Answer
See explanation.
Work Step by Step
(a) To know the heat transfer, Q, we need to first identify the $\Delta U $ and $W$ .
W is the area under the p versus V curve.
$W = \frac{1}{2} (1.0 ×10^5 Pa + 3.5 ×10^5 Pa)(0.0060 m^3 − 0.0020 m^3 ) + \frac{1}{2}(1.0 ×10^5 Pa + 3.5 ×10^5 Pa)(0.0100 m^3 − 0.0060 m^3 )$
$W = 1800 J $
To find $\Delta U$ we need to identify the changes in temperature of the gasses.
$\Delta T = T_c - T_a = \frac{p\Delta V}{nR}$
$\Delta T = \frac{(1.0 ×10^5 Pa) (0.01 m^3 - 0.002m^3)}{(1/3)(8.314 J/mol.K)}$
$\Delta T = 289 K$
$\Delta U = nC_V \Delta T$
$\Delta U = (1/3)(12.47 J/mol ⋅K)(289 K)$
$\Delta U = 1201 J$
$Q = ΔU +W$
$Q = 1201 J + 1800 J $
$Q = 3001 J$ The heat is transferred into the gas.

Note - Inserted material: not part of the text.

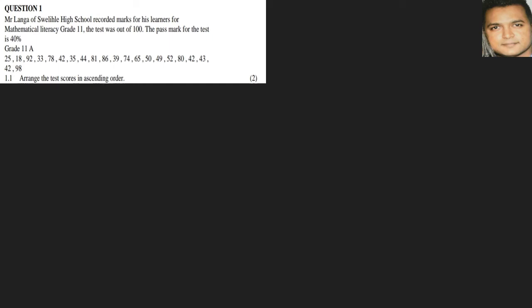Okay, so Mr. Langa of Swelishle High School recorded marks for his learners, and we are given the marks. The marks are out of 100 and it's 40 as a pass mark, so remember anything below 40 would be the failing mark. The first question states that we must arrange these scores in ascending order.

(b) Step a to c is isobaric which means the pressure is kept constant. We can straight away use the equation
$Q = nC_p \Delta T$
$Q = (1/3)(20.79 J/mol ⋅K)(289 K)$
$Q = 2002 J$
The heat is transferred into the gas because Q > 0
(c) Q is larger in part (a) than part (b). This means Q in closed loop like stated in part (a) has more heat energy in the system and did more work. It is expected to be more efficient.